Moxley’s Reign of Terror
When Moxley won the title from Bryan Danielson last year, immediately the tone read as darker and more cruelly vicious. It was set apart from his first run as the badass company man, the guy who called CM Punk on his garbage, or even the guy who proclaimed it was time to do “legend shit.” This Moxley was someone whose mean streak had finally surfaced, who savagely laid out his friend, and finally ended Danielson’s in-ring career.
In the aftermath Moxley laid out his vision for AEW, what he thought it needed to be, and moreover, what he expected from the man who would eventually dethrone him. He believed that the roster of AEW wanted the glory that comes with success without having to do the work. Moxley believed those same people were content with the status quo of their mediocrity; that they were content with a sliver of success even if it meant falling short of their potential for the sake of resting on laurels.

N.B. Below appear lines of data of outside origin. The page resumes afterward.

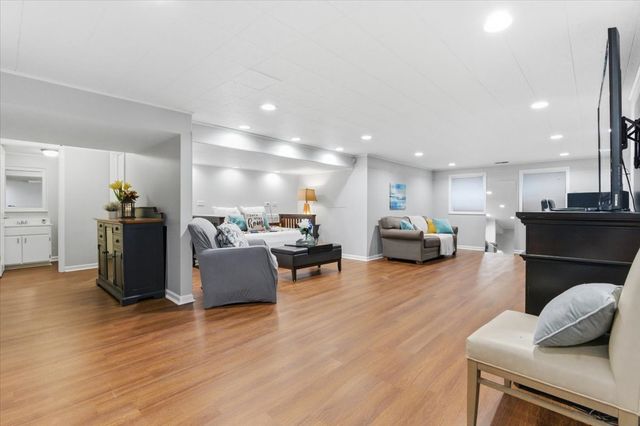 12 Crestview Lane, Lake Barrington, IL 60010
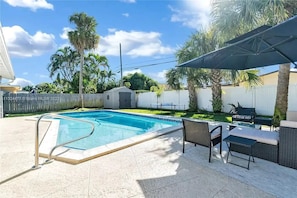 Outdoor pool, a heated pool - Lovely home with heated Pool a mile from the beach (Boca Raton)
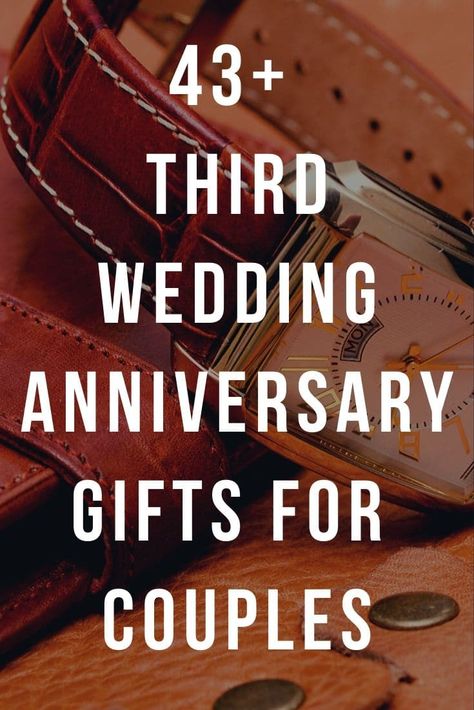 Best Leather Anniversary Gifts Ideas for Him and Her: 45 Unique Presents to Celebrate Your Third Wedding Anniversary 2020 #gift #giftideas #anniversarygift Unique Leather Gifts For Men, Leather Anniversary Gifts For Husband, 3 Year Anniversary Gifts For Him, 3 Year Anniversary Gift Ideas For Him Marriage, Third Anniversary Gift, Leather Gift Ideas For Him, Gift For Anniversary Couple, 3rd Wedding Anniversary Gifts For Him, Third Anniversary Gift Ideas For Him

His challenge was to be better, and that until that happened, no one deserved to see the AEW championship.
That held true for the balance of Moxley’s 273 day reign. Over the course of nine months Moxley escaped each match either aided by his own mean streak, the aid of his Death Rider faction, or by his opponents being so ego-driven they couldn’t get out of their own way. This was one of Moxley’s credos, and that was exemplified last December during a Fatal 4-Way also featuring Orange Cassidy, Page and Jay White. In that instance, leading up to the World’s End show White and Page were in the middle of renewing their old NJPW feud and were having a jolly old time getting in each other’s way.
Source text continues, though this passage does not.